Brief.
With the pictures left aside, write out exactly the lines of the listing below from the line with "在公司当月自动离了，上月工资没发是违法吗" to the line with "Zadig & Voltaire", both included, and only those.

START Entries provided

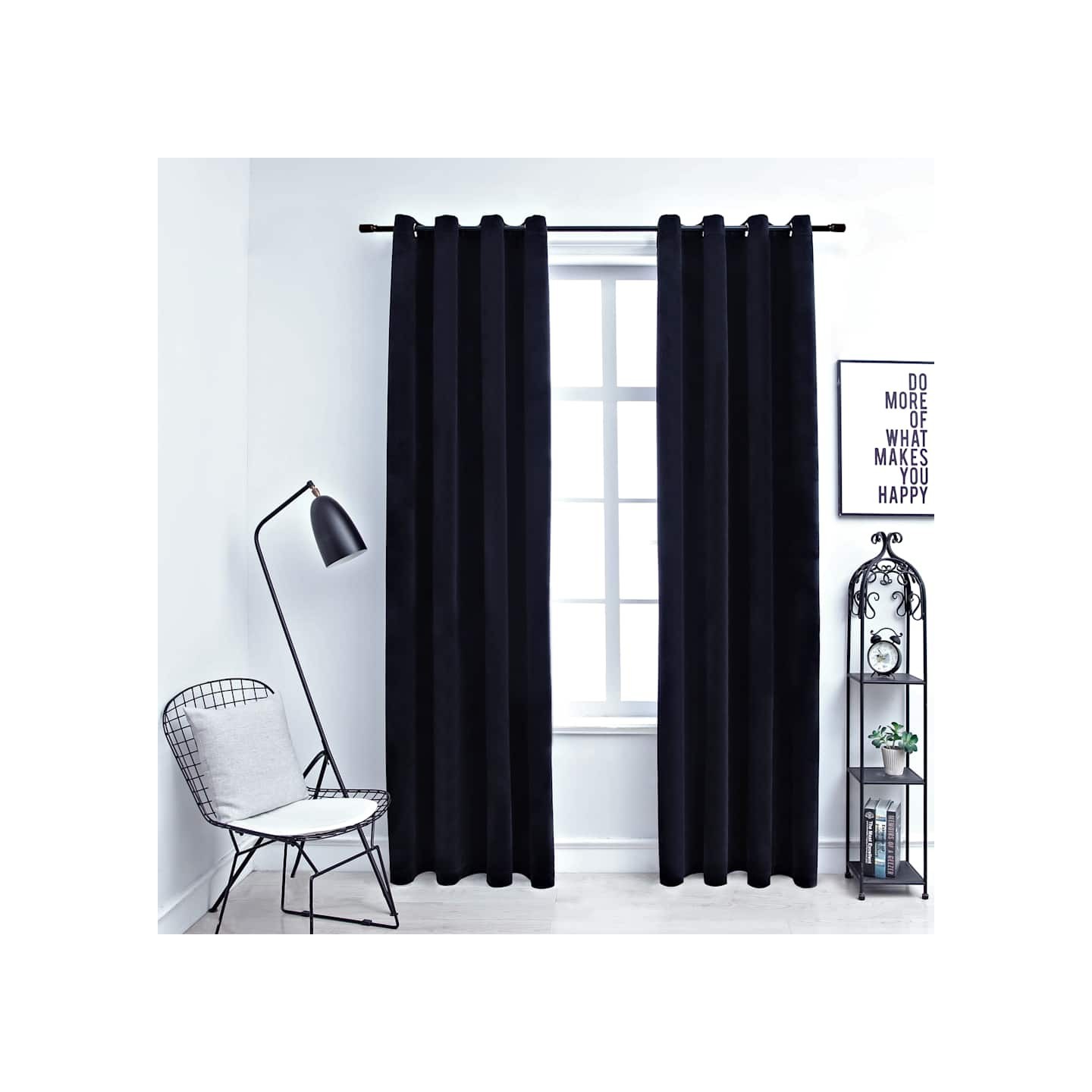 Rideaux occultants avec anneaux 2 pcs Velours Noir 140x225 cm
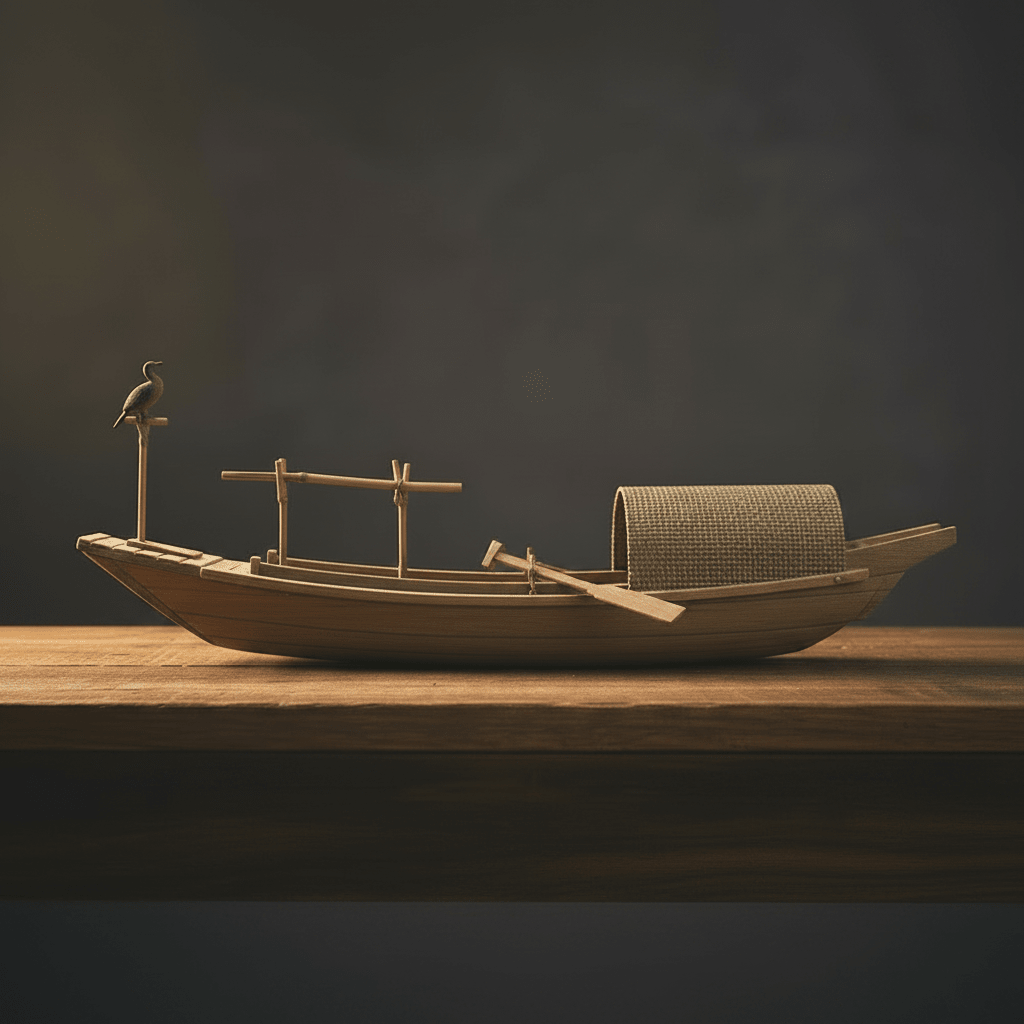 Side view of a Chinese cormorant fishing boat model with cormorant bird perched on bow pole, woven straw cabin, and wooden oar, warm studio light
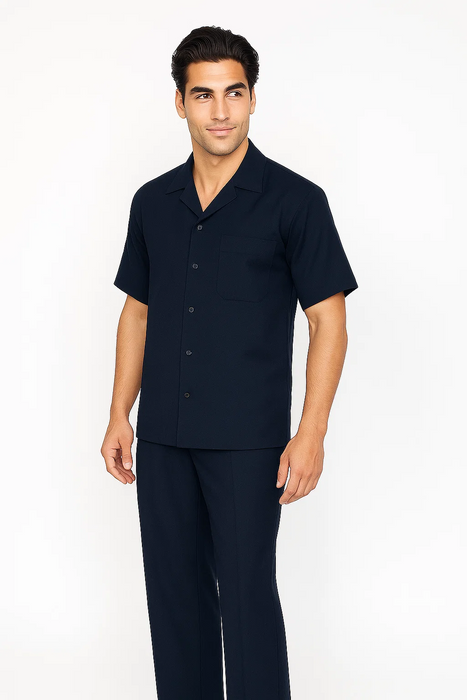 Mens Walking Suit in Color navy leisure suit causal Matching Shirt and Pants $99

END Entries provided
START Entries provided

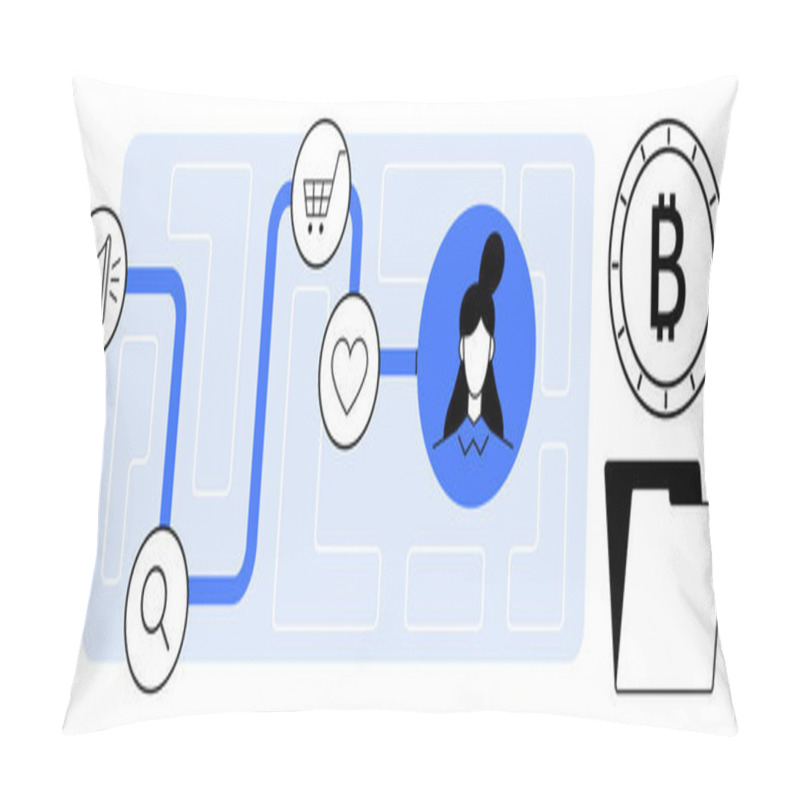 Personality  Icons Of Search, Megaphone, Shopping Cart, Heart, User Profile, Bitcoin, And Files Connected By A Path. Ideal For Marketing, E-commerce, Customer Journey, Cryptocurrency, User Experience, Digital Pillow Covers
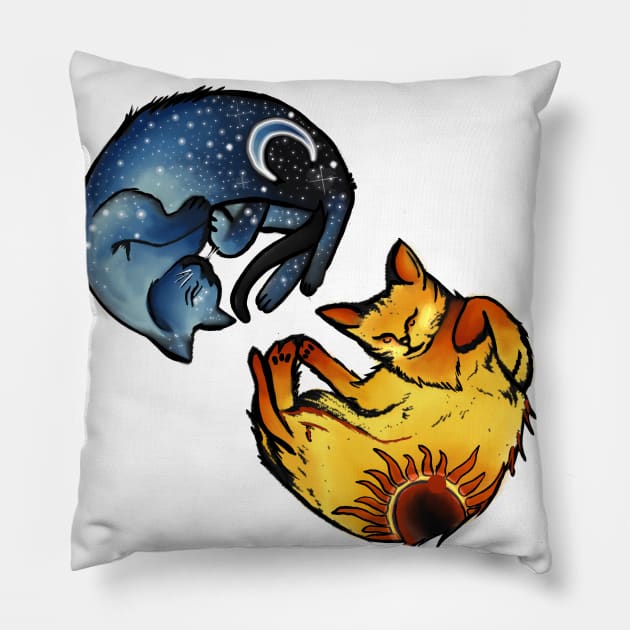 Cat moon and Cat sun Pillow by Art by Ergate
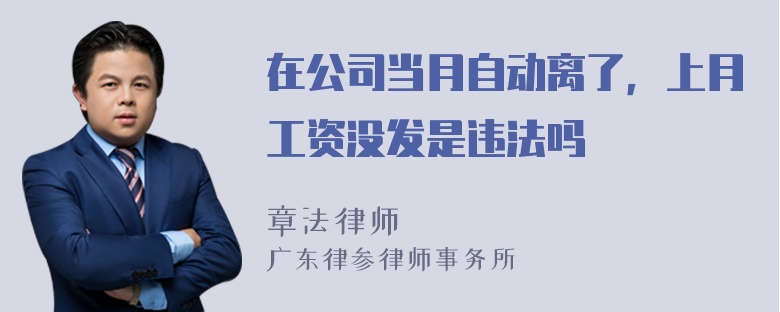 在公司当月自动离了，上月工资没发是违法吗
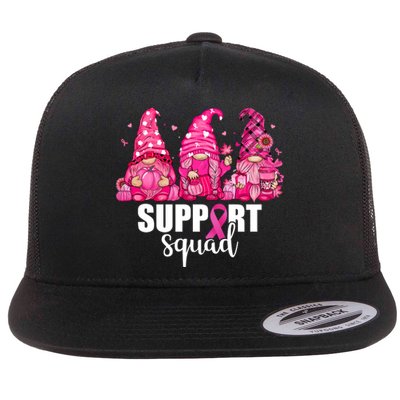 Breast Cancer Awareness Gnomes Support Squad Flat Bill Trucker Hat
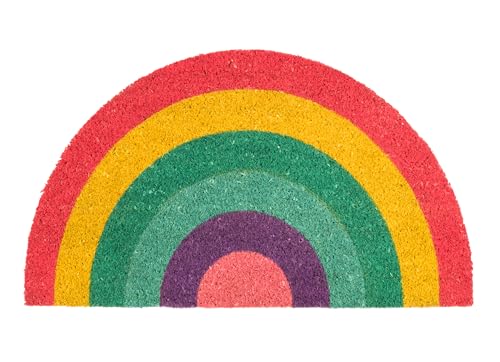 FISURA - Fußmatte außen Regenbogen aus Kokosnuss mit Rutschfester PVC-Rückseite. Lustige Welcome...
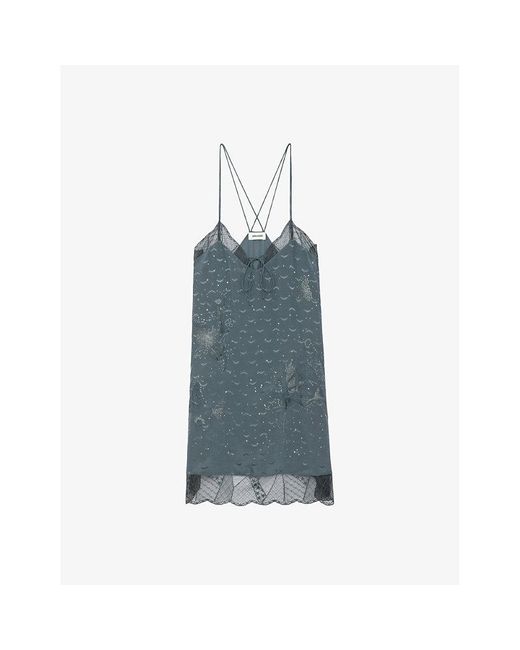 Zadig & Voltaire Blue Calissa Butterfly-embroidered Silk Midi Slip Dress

END Entries provided
START Entries provided

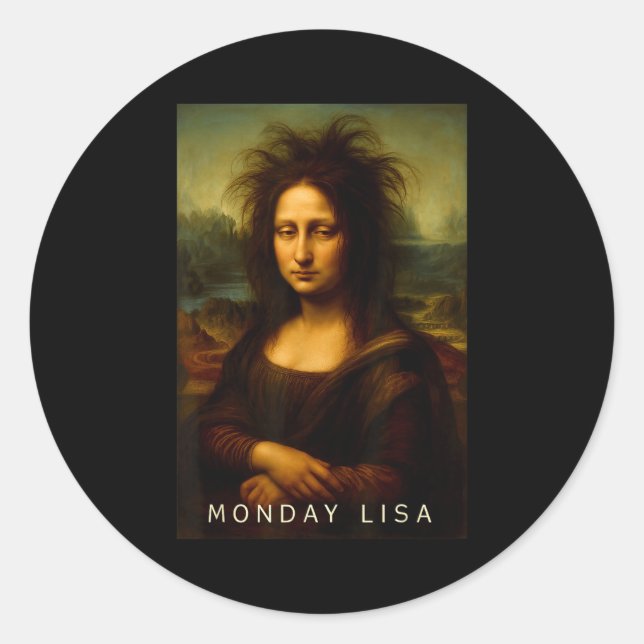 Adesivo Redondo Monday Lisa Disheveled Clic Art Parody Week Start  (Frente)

END Entries provided

Reply to the task.
 在公司当月自动离了，上月工资没发是违法吗
 Breast Cancer Awareness Gnomes Support Squad Flat Bill Trucker Hat
 FISURA - Fußmatte außen Regenbogen aus Kokosnuss mit Rutschfester PVC-Rückseite. Lustige Welcome...
 Zadig & Voltaire Blue Calissa Butterfly-embroidered Silk Midi Slip Dress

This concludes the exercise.